# ASSIGNMENT:
Without the pictures, output the records below exactly as they are.

+++ RECORDS SUPPLIED +++

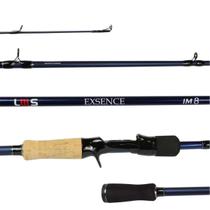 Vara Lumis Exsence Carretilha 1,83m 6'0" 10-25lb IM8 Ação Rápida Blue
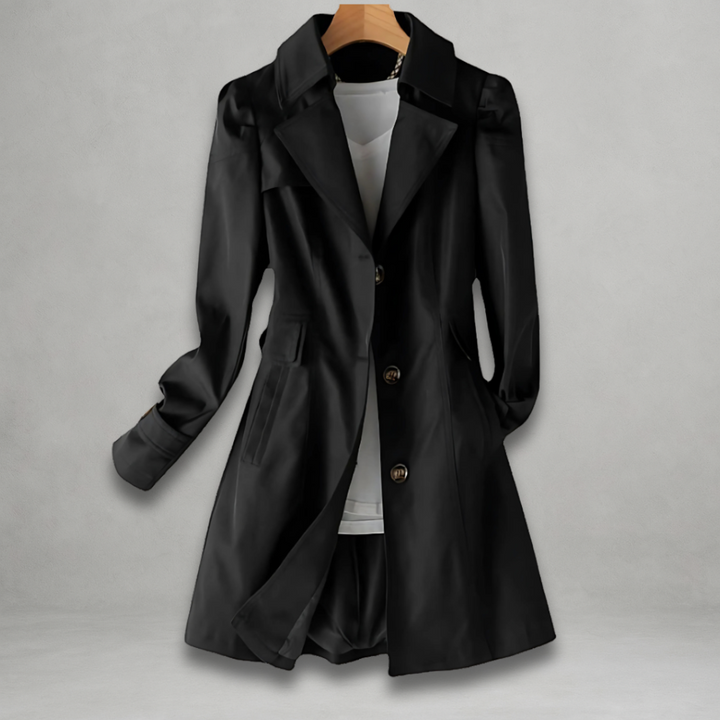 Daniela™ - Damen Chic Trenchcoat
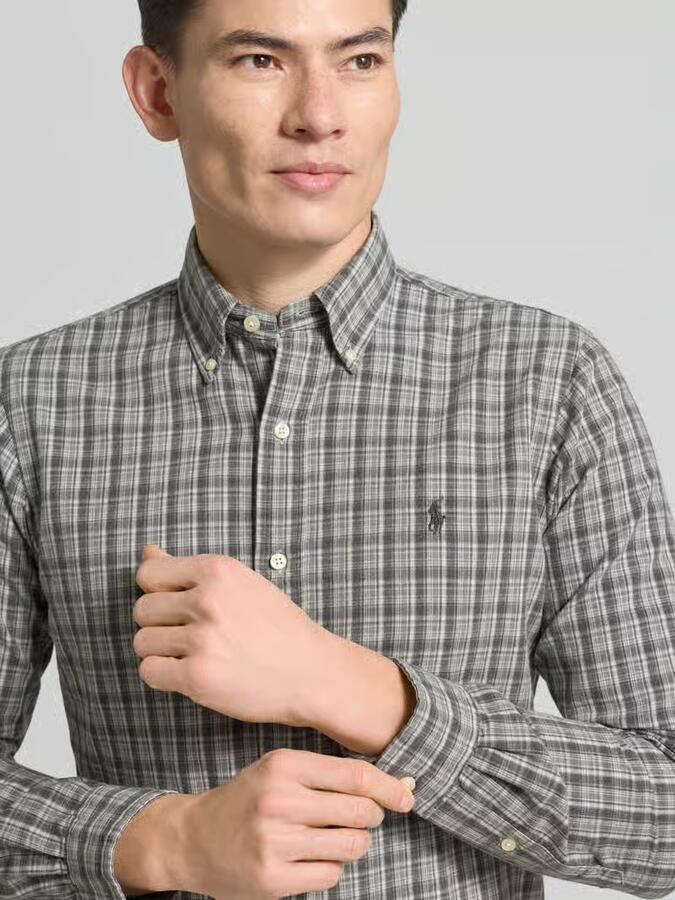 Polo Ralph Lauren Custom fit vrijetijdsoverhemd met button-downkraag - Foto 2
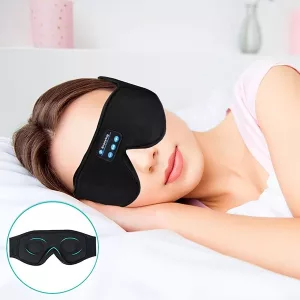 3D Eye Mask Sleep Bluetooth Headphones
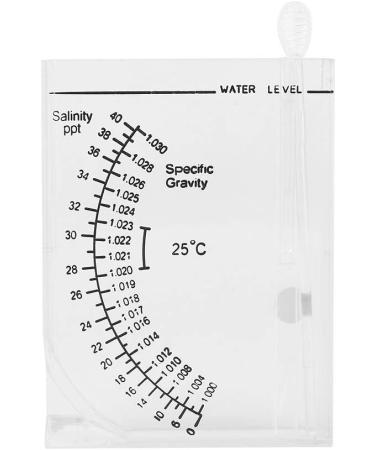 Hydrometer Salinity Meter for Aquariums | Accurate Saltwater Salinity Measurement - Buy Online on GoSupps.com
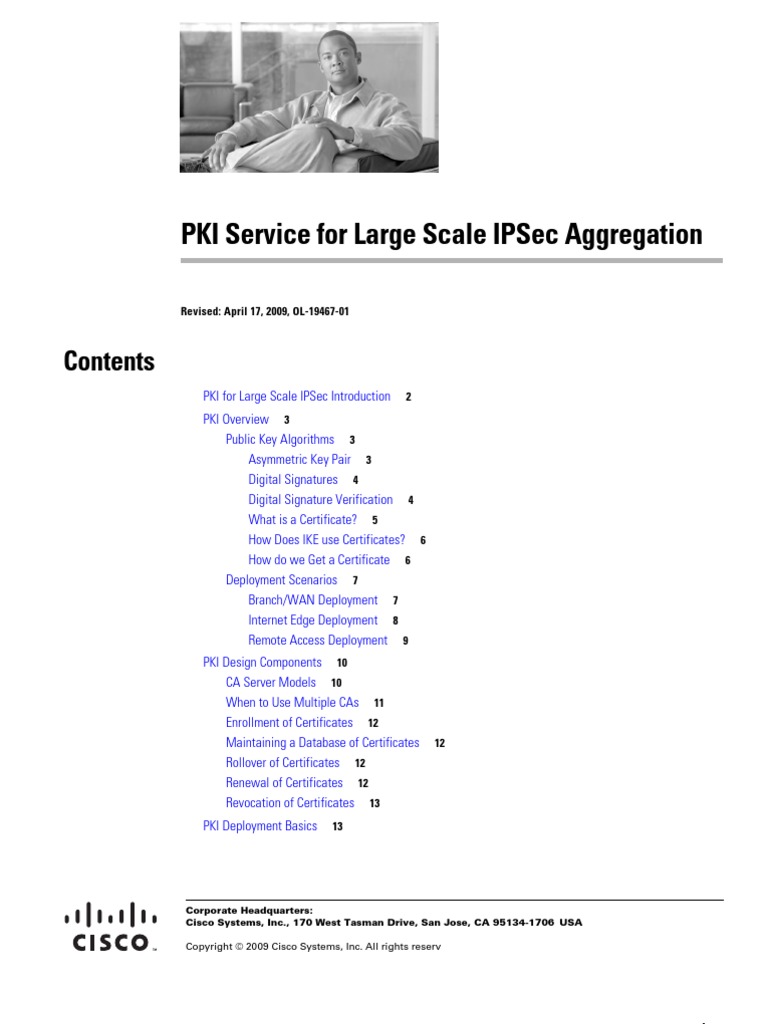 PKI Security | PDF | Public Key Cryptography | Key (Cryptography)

+++

# ANSWER TO THIS TASK:
 Vara Lumis Exsence Carretilha 1,83m 6'0" 10-25lb IM8 Ação Rápida Blue
 Daniela™ - Damen Chic Trenchcoat
 Polo Ralph Lauren Custom fit vrijetijdsoverhemd met button-downkraag - Foto 2
 3D Eye Mask Sleep Bluetooth Headphones
 Hydrometer Salinity Meter for Aquariums | Accurate Saltwater Salinity Measurement - Buy Online on GoSupps.com
 PKI Security | PDF | Public Key Cryptography | Key (Cryptography)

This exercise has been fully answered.